Pump Up Your Book Chats with Lynn Voedisch

Lynn Voedisch is a Chicago journalist and fiction writer with many years experience working for newspapers and magazines. She is a member of the America Society of Journalists and Authors and the Society of Midland Authors, where she is one the board of directors. She started out as editor of her college newspaper at Grinnell College, Grinnell, Iowa, and went on to work for WBBM-TV, Chicago; Pioneer Press in suburban Chicago, the Los Angeles Times, and spent a 17-year stint at the Chicago Sun-Times. She was an entertainment reporter and technology reporter there and helped develop the newspaper’s fledgling Web site. The site and staff won Best Innovation from the Inland Daily Press Association and the Dvorak Award for Web content.

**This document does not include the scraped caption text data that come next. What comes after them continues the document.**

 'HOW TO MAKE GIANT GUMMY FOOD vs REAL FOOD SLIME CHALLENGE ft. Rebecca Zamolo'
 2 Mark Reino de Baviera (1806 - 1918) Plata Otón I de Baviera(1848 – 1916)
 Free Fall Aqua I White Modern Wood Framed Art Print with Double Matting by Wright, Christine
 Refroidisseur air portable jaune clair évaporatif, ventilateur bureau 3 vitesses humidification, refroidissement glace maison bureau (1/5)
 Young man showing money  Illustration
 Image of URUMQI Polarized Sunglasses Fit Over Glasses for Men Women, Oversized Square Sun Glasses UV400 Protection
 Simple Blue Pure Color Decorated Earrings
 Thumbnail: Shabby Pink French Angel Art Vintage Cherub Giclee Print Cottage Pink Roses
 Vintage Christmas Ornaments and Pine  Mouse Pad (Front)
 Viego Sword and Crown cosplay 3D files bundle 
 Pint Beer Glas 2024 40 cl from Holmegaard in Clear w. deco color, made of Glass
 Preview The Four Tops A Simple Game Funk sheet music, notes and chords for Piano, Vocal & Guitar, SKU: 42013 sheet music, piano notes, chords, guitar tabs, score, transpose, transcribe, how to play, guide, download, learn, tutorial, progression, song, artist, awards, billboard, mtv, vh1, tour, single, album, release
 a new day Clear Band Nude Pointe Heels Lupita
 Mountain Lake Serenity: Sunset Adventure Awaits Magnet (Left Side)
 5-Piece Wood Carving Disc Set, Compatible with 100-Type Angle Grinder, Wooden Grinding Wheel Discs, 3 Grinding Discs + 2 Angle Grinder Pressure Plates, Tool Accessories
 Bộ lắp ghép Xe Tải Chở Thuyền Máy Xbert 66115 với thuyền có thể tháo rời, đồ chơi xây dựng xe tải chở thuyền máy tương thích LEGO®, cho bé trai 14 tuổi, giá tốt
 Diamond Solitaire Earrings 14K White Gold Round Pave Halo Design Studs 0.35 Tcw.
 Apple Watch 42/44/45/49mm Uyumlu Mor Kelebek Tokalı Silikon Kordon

She has been on television (“Chicago Tonight”) and radio (WBEZ-FM) talk shows, discussing arts topics that affect the city. After leaving the Sun-Times, she pursued a freelance career where she was published in the Chicago Tribune and in the Industry Standard, Grok and Connect-Time (all technology magazines). She also did arts stories for Dance Magazine and the Tribune. A short story of hers, “Wili,” was published inFolio literary magazine in Winter, 2001. She is now working on fiction. Her first novel, “Excited Light” (ASJA Press, $14.95) is available at Amazon.com, bn.com,booksamillion.com and can be ordered at any Barnes & Noble store. Her current novel, “The God’s Wife” (Fiction Studio Books, $9.99 e-book, $16.95 paperback) goes on sale Aug. 9.

Visit her website at http://www.lynnvoedisch.com/TheGodsWife-LV.com/Welcome.html


On “The God’s Wife”

Q: Can you tell us why you wrote your book?
A: I’ve always been fascinated with ancient Egypt. I saw a show on the Discovery Channel about the God’s Wife of Amun and thought, “What a great idea for a book!” From that point, I started researching the topic and I was off and running.

Q: Which part of the book was the hardest to write?
A: No part was any harder than the other. Really, copyediting and getting out all the typos was the hardest part.

Q: Does your book have an underlying message that readers should know about?
A: Yes, the book is about two women who share one split soul and is about how the universe must put their soul together. A few people have been missing this theme and reading the book for plot only.

On Writing

Q: Do you remember when the writing bug hit?
A: I was in fifth grade and my teacher gave us little flash fiction exercises to do. When the parent-teacher conference time came around, my teacher told my parents that I was a gifted writer and they should encourage me to become a professional writer. I was in seventh heaven.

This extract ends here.